### [Records for this exercise]
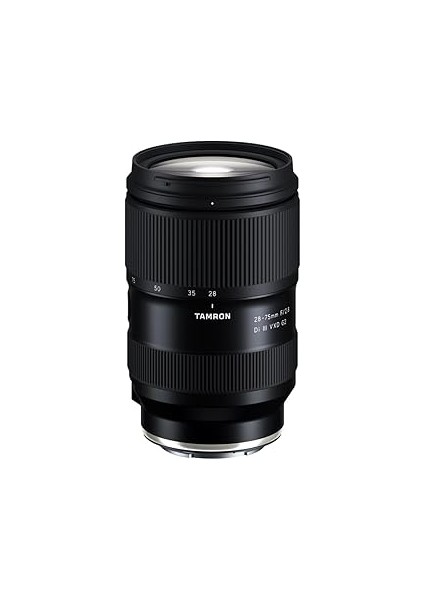 Tamron E-Mount 28-75MM F/2.8 Di Iii Vxd G2 Lens Siyah, Tek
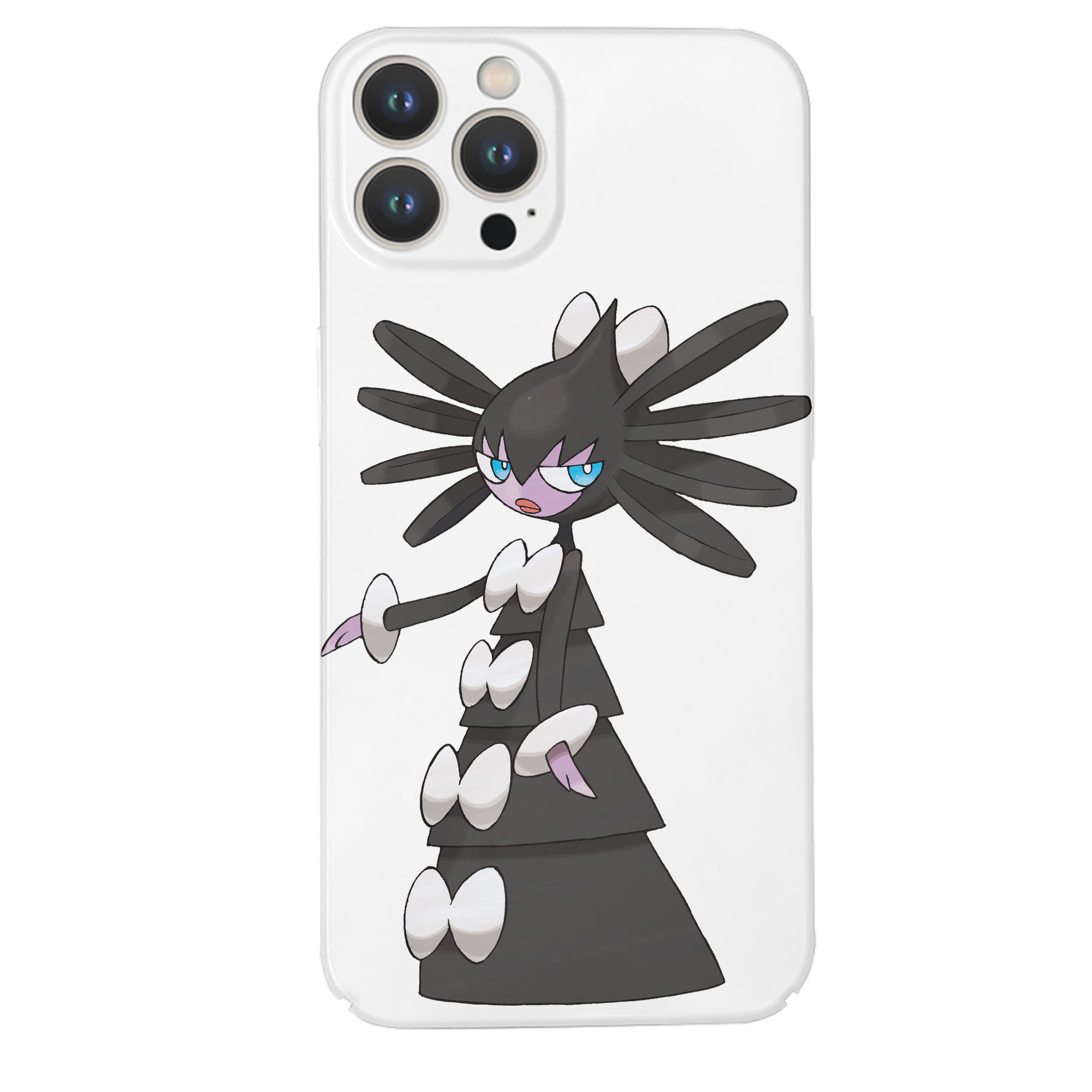 （画像用） ポケットモンスター Pokémon 【iPhone 14シリーズ対応】ハードケース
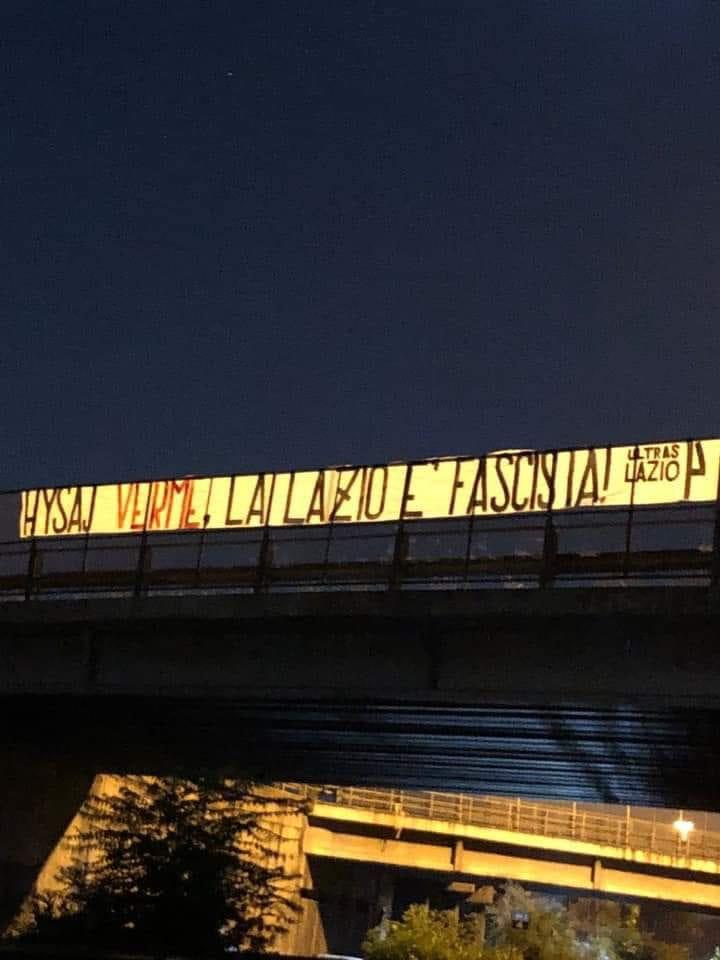 Tifozëve të Lazios nuk u del inati me Hysajn, reagon edhe klubi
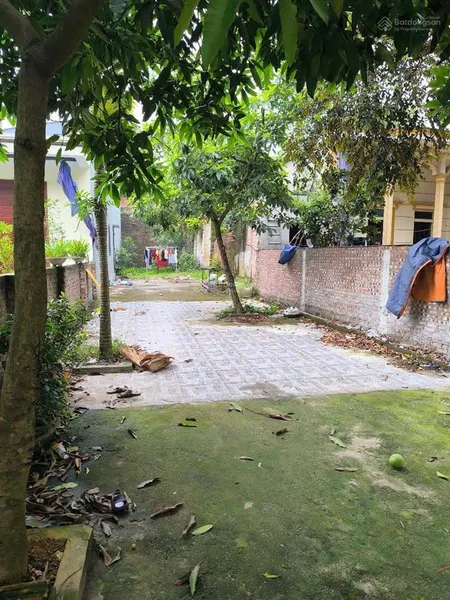 Bán đất 180m2 tại đường 6, thị trấn chúc sơn, chương mỹ, hà nội, giá ưu đãi 4 tỷ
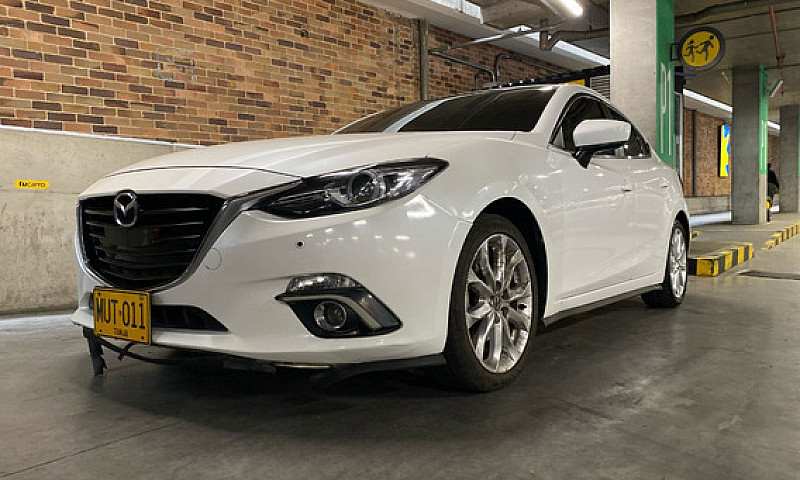 Mazda 3 2.0 Grand To...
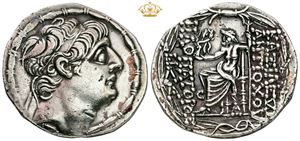 Seleukid Empire, Tetradrachm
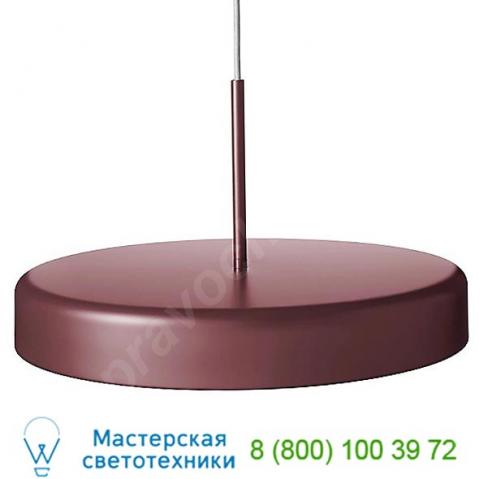 Bp1-smlpen-bk blu dot bobber pendant light, светильник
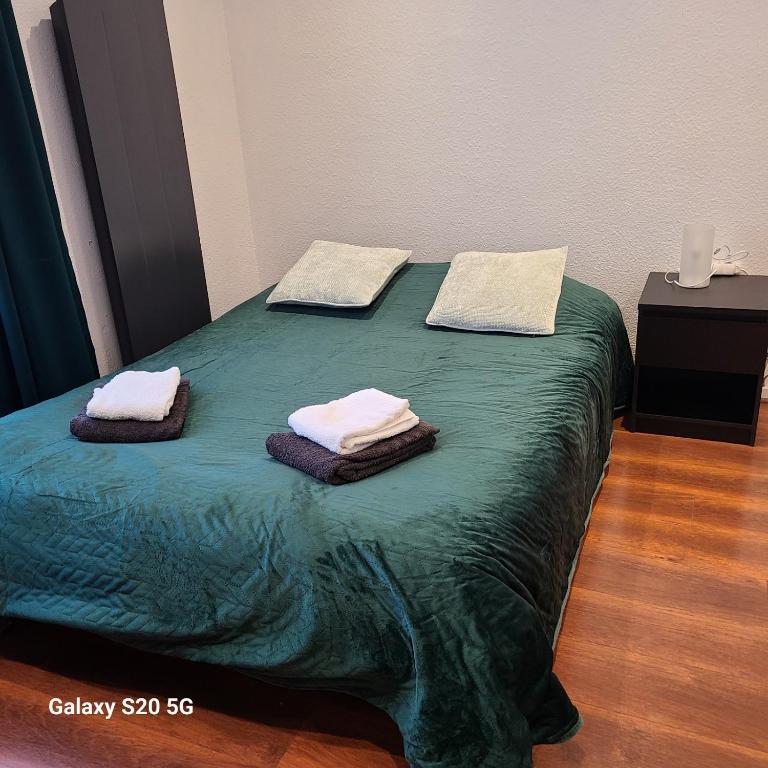 Studio tendance - Chambéry - Appartement 1 Chambre - 10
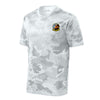 VMM-268 Red Dragons Squadron Camohex Performance T-Shirt - Camohex White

### [What the task requires]
Reproduce nothing but the lines running from the line with "Tifozëve të Lazios" through the end of the records, keeping both end lines and dropping the pictures.

### [Result for this task]
 Tifozëve të Lazios nuk u del inati me Hysajn, reagon edhe klubi
 Bán đất 180m2 tại đường 6, thị trấn chúc sơn, chương mỹ, hà nội, giá ưu đãi 4 tỷ
 Mazda 3 2.0 Grand To...
 Seleukid Empire, Tetradrachm
 Bp1-smlpen-bk blu dot bobber pendant light, светильник
 Studio tendance - Chambéry - Appartement 1 Chambre - 10
 VMM-268 Red Dragons Squadron Camohex Performance T-Shirt - Camohex White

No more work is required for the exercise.